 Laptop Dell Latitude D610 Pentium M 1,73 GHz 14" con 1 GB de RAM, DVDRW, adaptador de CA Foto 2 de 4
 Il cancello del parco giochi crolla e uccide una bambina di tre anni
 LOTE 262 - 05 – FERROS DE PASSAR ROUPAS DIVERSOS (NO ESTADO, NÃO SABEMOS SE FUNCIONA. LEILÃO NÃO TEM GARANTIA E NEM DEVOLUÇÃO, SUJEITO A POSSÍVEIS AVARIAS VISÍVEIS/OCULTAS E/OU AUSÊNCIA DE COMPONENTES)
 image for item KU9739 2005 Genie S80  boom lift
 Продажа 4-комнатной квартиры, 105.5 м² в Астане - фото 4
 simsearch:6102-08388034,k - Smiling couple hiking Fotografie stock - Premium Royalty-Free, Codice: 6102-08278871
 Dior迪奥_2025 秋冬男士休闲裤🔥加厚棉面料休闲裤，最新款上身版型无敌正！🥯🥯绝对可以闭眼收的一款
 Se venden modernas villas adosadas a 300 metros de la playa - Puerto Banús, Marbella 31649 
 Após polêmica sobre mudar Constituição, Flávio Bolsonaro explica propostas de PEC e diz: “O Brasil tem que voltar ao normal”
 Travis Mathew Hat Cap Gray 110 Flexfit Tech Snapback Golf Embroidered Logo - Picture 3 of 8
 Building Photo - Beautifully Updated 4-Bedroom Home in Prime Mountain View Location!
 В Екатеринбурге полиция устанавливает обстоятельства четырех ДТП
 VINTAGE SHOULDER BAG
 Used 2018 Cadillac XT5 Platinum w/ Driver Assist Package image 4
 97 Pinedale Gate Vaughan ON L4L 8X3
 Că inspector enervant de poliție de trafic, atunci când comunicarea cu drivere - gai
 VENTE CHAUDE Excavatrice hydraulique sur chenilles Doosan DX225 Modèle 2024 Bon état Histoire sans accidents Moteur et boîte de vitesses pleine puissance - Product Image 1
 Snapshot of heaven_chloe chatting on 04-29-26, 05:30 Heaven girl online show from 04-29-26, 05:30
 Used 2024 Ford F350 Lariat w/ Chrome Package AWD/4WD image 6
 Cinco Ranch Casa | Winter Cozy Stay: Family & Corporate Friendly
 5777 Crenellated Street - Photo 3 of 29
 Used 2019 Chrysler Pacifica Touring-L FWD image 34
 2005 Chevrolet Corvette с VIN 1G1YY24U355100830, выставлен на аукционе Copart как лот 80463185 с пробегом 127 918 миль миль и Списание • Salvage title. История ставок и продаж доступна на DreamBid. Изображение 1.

* * *

__TASK GOAL__. Filter the records above, keeping each line that contains the word "Used".

__EXERCISE RESPONSE__.
 Used 2018 Cadillac XT5 Platinum w/ Driver Assist Package image 4
 Used 2024 Ford F350 Lariat w/ Chrome Package AWD/4WD image 6
 Used 2019 Chrysler Pacifica Touring-L FWD image 34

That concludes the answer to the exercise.